Unsatisfied demand of product world-wide
By Philippe Guinaudeau, CEO BrandTrends
With consumer demand being the driving force behind sales world-wide, both brands & retailers need to ensure that they are fully equipped and well prepared to keep up production, and ultimately supply the products needed to meet demand. World-wide consumers are experiencing their demands for products not being satisfied. This failure to not have adequate inventory is a serious problem and can have a detrimental impact on business.
Why are brands not satisfying product demand?
There are a number of influential factors which can result in companies not meeting their consumer demands. One factor to consider is a point that was raised in a previous article, that retailers are falsely predicting a decline.
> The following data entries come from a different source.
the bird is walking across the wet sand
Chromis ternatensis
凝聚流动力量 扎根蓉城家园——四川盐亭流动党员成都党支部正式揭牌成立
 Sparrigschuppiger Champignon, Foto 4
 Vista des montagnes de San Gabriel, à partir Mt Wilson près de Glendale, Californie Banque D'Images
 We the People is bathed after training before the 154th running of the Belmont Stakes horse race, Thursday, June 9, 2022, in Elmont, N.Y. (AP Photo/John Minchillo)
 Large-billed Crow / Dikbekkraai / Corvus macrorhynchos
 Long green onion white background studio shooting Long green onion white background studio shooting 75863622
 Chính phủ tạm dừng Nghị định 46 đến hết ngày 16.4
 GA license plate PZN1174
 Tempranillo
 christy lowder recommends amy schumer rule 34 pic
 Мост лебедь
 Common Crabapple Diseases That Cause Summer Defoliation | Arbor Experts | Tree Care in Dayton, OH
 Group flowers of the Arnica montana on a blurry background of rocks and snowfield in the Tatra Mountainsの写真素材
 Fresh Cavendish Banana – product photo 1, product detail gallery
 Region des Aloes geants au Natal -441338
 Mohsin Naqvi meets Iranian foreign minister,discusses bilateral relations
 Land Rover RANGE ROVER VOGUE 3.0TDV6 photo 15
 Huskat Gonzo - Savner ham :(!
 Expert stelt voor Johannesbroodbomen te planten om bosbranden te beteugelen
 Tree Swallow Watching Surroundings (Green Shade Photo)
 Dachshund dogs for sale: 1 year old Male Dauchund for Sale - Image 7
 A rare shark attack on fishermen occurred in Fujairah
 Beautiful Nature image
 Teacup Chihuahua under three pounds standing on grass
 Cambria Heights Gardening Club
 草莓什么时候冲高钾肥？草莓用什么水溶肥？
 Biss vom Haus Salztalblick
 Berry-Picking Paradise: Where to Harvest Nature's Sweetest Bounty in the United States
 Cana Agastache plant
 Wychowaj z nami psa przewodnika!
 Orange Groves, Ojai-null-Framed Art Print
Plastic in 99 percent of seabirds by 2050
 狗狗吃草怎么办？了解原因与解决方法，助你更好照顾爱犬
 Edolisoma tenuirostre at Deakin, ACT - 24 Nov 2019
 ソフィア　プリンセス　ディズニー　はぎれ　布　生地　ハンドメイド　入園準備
After a brand experiences its first 2 years of popularity, inevitably new brands will launch, and limited shelf space once dedicated to a product will be taken over by newcomers.
Even though the brand may still be firmly placed in the hearts and minds of the kids and a demand is certainly still there, retailers are instead opting to add new products.
Retailers are placing less orders with the manufacturer, the products are being sold out quickly and thus product demand is unsatisfied.
The predicted decline by retailers in product popularity after two years does not match up with consumer demands. If we consider Paw Patrol as an example, we can see that since its launch in 2013, it has become increasingly popular amongst young children and has grown into one of the largest properties in entertainment.
According to NPD’s Retail Tracking Service, from 2015-2018, Paw Patrol generated close to $1.4 billion in revenue across the categories of DVDs, books, toys, and video games. In 2018 alone, the Paw Patrol brand experienced 148% growth in revenue, compared to 2015.
This example of Paw Patrol’s success demonstrates that once a child had formed an affinity with a brand it can have lasting appeal that sticks far longer than just 2 years. This highlights the importance of producing merchandise and other content in order to engage with an audience and satisfy consumer demand.
As a result of emerging economies and growth of the internet, companies are experiencing an increase of product demand world-wide, which many are unable to keep up with. A prime example of this is Lego’s struggle in 2015.
The company experienced an incredible spike in sales with the success of their new ranges such as Star Wars and the launch of the Lego Movie. The toymaker immediately boosted production around the world in an attempt to fulfil the surging global demand and invested millions of euros to expand factories in Mexico, Hungary and Denmark. However, because of this, Lego failed to keep up with demand in European countries.
It is clear that both brands and retailers have a long way to go in order to satisfy the growing demand for products world-wide. Not only does the failure to meet demand have a negative impact on sales, but it can cause consumers to lose interest. For a buyer, finding out a product is unavailable is frustrating and they may choose to go elsewhere. Both retailers and manufacturers need to monitor the customer demand more effectively and remain diligent with inventory management to ensure that they can always meet demand.